1. Is it reasonable (albeit perhaps not ideal), from a statistical perspective, to treat the indicators as if they were continuous? I should mention that the distributions of the variables are not normal--if I treat the indicators as continuous, how problematic is it to violate the assumption of normality?

2. If I treat the indicators as ordinal, are there circumstances in which you would recommend collapsing the categories (from 7 into 5 or 3)?

3. As I mentioned above, I have 16 variables and am wondering if there are any rules of thumb for evaluating indicators in order to remove those that aren't contirbuting to the classifications. Does retaining indicators that are not contributing much harm the model?

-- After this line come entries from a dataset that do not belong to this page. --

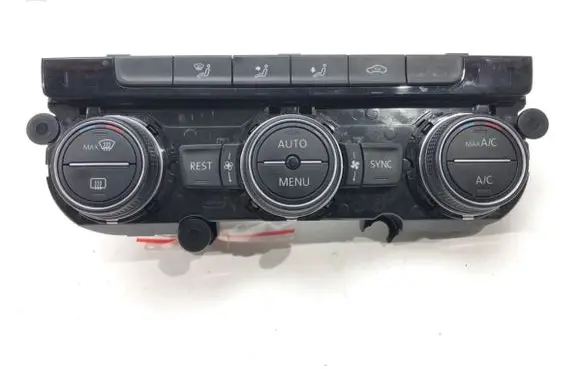 Interior fan control switch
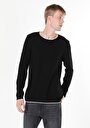 thumb-Afficher les détails de Pull Noir Regular Fit   Homme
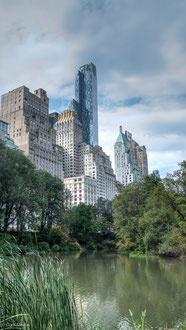 New York, Manhattan, Buildings, Central Park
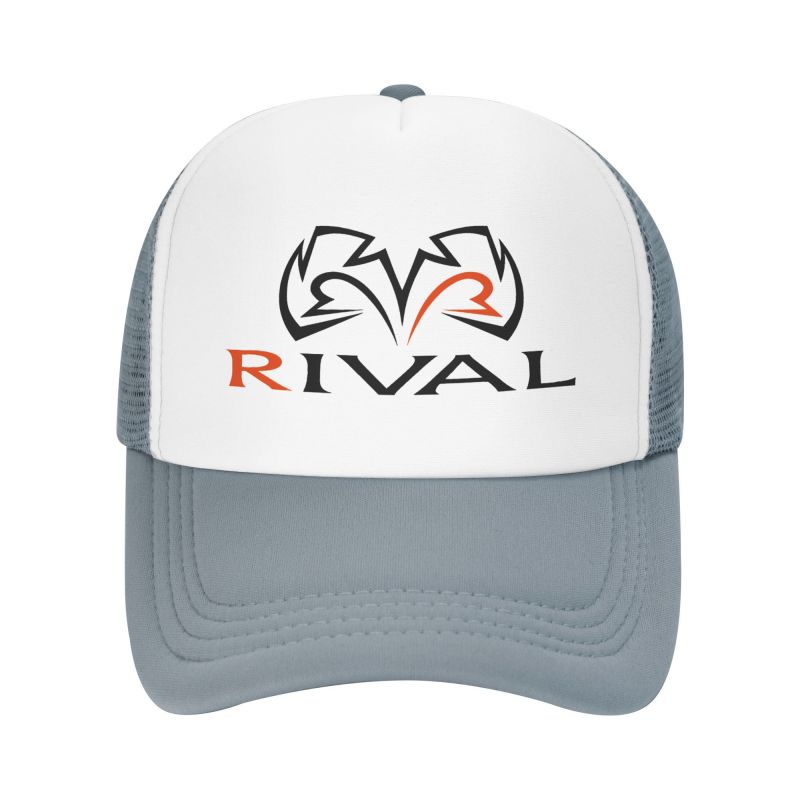Rival Boxing Print Mesh Baseball Caps Unisex Hip Hop Adjustable Snapback Hat Women Unisex Summer Casual Sun Visor Hats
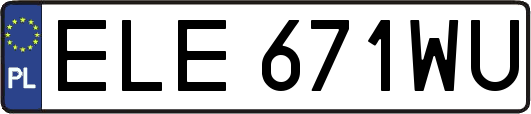 ELE671WU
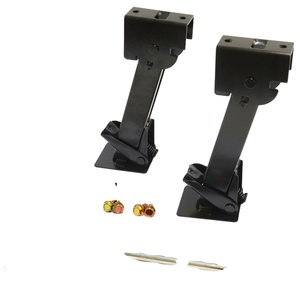 2 jeux de stabilisateurs de support de remorque en acier pour les voyages en plein air pour les fourgons de camping et les remorques de caravanes - Product Image 3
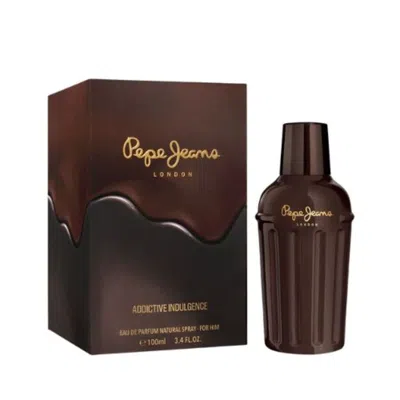 Pepe Jeans London Men's Addictive Indulgence Edp Spray 3.38 oz Fragrances 8436611104547 In Transparent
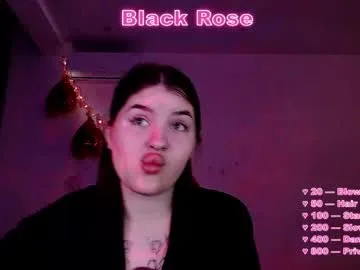 blackroseonee —  New sexy girl -- come say hi 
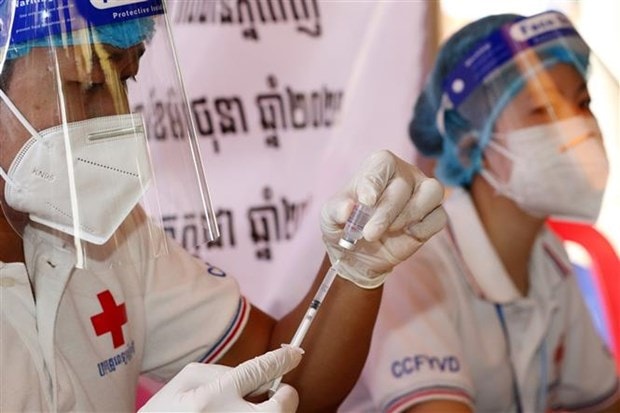 COVID-19: Số ca mắc mới và tử vong ở Campuchia vẫn ở mức cao hình ảnh 1 COVID-19: So ca mac moi va tu vong o Campuchia van o muc cao hinh anh 1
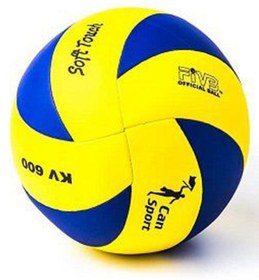 Resim CAN SPORTS Kv 600 Soft Touch Voleybol Topu 
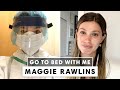 A Nurse's Nighttime Skincare Routine | Go To Bed With Maggie Rawlins | Harper's BAZAAR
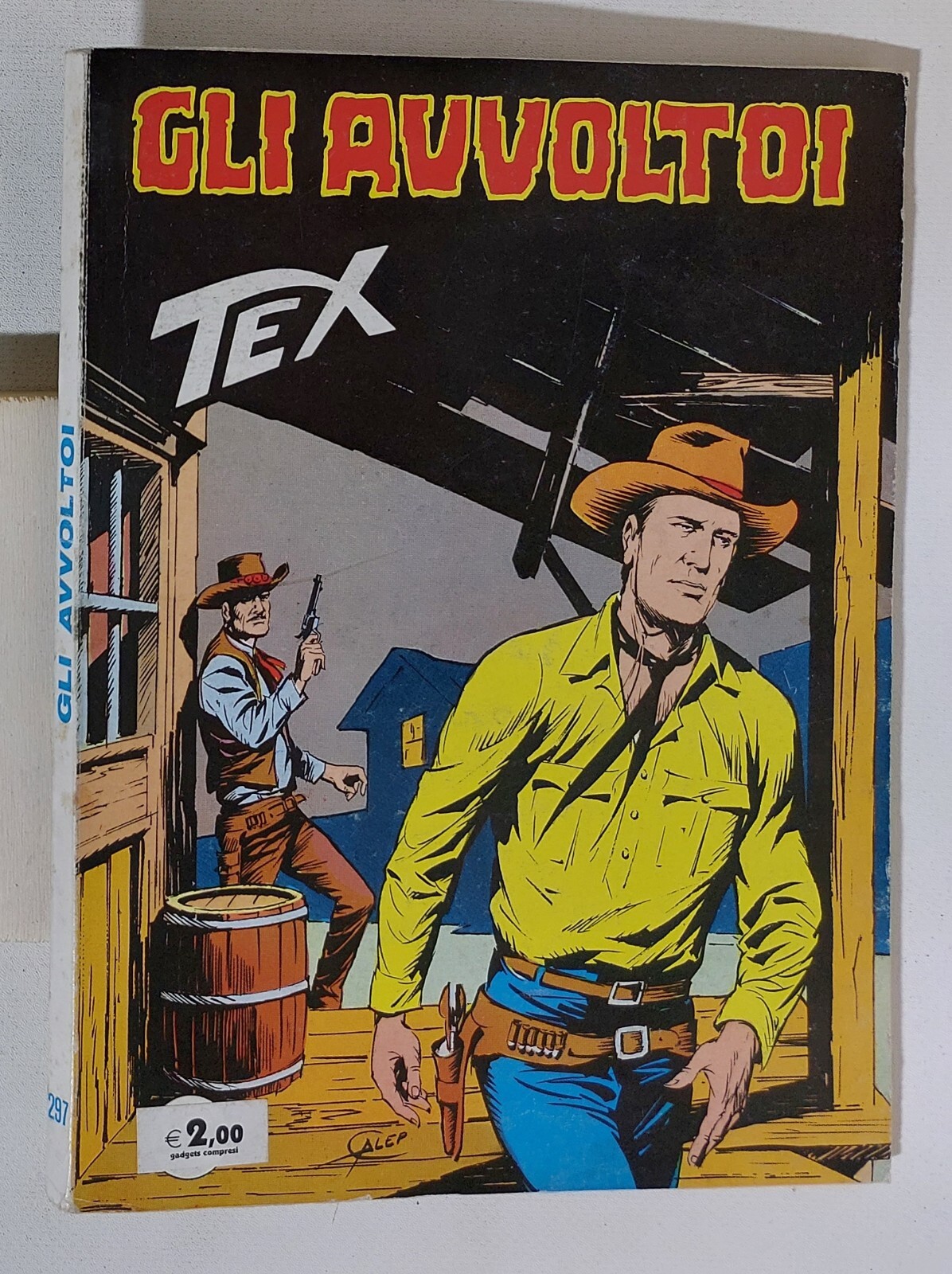 48263 TEX n. 297 - Gli avvoltoi - Bonelli 1985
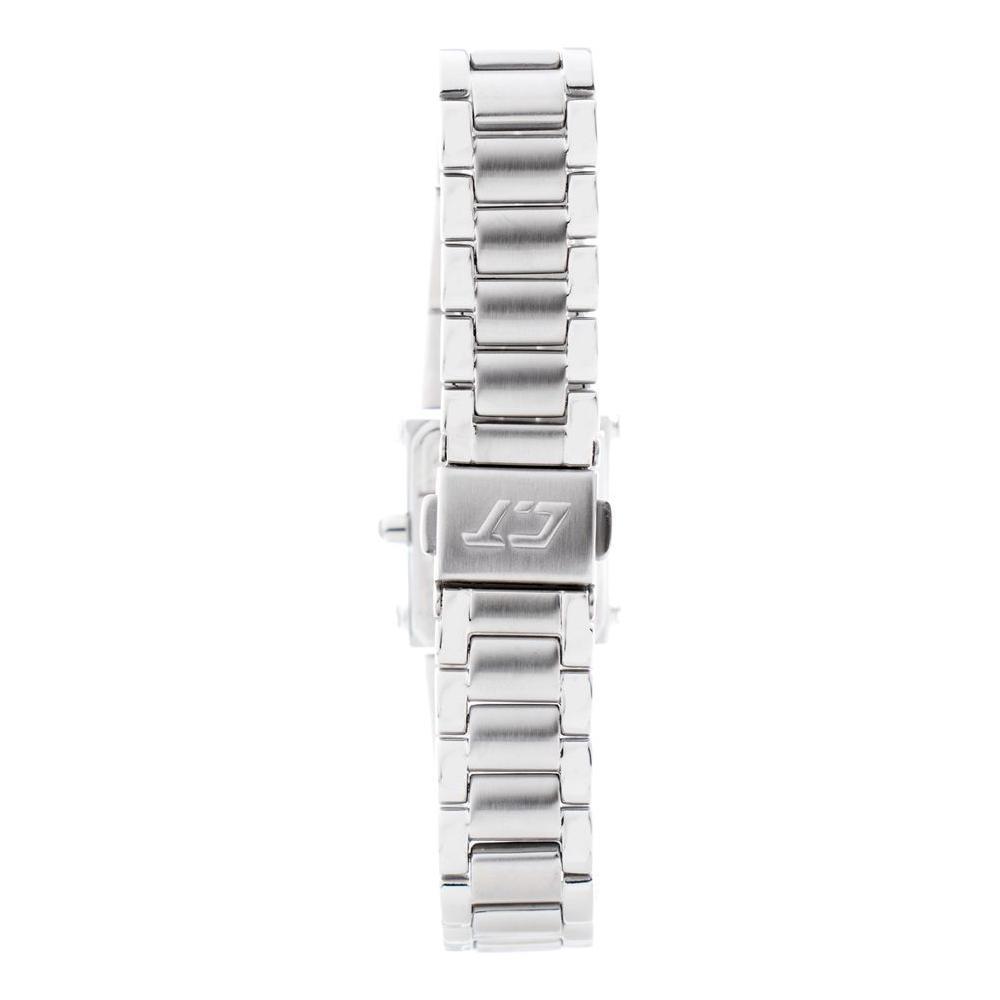 Chronotech Silver Stainless Steel Dress Watch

Thanks very much in advance for your help.
 Bengt O. Muthen posted on Friday, April 14, 2006 - 6:59 am
CATEGORICAL = implies that a variable is dichotomous or, when polytomous, ordered categorical (ordinal).

You have answers to several of your questions in the two Muthen-Kaplan articles that are listed on our web site. The most important aspect is how strong floor and/or ceiling effects you have. If they are strong, you may want to use a categorical approach. If some categories have very low frequencies you may then want to collapse those. But if not, non-normality when treated as continuous is not problematic in that LCA works with within-class normality that implies non-normality for the mixture that you observe.

Retaining indicators that don't contribute to clear classification does not harm.